Data pipeline:
- Go to the website https://www.uniprot.org/
- Search up the word "human". This will display all of the protein data.
- On the left side of the web page, filter by two things: human and 3D structure. For mice, do the same but filter by mice instead of humans. This will produce 8,374 proteins for humans and 478 proteins for mice.
- Hit the download button at the top. Choose Excel for format, and do not compress the data.
- We chose the following for the columns, based on what we needed and in the following order: Length, Organism, Helix, Beta strand, Turn, Sequence.

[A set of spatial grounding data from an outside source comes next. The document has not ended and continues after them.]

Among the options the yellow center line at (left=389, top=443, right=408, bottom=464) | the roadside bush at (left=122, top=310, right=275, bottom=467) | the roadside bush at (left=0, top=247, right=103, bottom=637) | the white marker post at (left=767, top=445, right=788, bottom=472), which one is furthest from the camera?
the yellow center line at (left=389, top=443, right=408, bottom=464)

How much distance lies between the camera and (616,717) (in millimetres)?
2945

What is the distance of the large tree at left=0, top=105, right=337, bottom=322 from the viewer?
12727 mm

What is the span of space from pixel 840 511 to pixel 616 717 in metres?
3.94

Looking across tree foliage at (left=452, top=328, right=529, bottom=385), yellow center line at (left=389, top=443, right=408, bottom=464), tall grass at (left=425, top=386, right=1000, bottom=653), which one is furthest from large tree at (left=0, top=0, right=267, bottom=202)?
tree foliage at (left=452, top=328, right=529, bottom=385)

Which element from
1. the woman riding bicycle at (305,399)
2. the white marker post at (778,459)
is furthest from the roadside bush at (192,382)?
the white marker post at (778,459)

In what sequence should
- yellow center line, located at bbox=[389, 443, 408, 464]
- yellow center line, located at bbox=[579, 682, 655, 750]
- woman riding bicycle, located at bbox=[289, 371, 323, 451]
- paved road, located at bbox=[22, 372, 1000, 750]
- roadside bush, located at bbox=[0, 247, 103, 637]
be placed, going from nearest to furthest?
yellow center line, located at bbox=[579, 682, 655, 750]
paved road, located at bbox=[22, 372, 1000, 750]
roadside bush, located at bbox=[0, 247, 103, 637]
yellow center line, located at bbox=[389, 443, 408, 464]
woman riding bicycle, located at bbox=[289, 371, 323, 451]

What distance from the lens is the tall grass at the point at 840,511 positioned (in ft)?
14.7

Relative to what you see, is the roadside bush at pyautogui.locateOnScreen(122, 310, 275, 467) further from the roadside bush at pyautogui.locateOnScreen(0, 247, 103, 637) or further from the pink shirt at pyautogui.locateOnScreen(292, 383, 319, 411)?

- Download this file. Once downloaded, convert the file to a csv.
- Once the files are in csv format, we run a data script (data_script.py), which transforms the data into the format we need. This format is specified in more detail in the paper, but each protein corresponds to two lines in our data. The first one is the sequence, and the second one is a 1:1 mapping from sequence to label.
- Once the script is run, place the files into the folder with the jupyter notebook. We cut the data down to about 500 sequences per organism. You can find this data included in the repository, titled HUMAN_training_data.txt and RAT_training_data.txt. Note that we only have one file for each organism, and the train/validation splits are handled within the file.
- In the jupyter notebook, change the file names to correspond with the correct rat and human data files. Then, hit "Run All". Please note that running this file will take about ~40 minutes.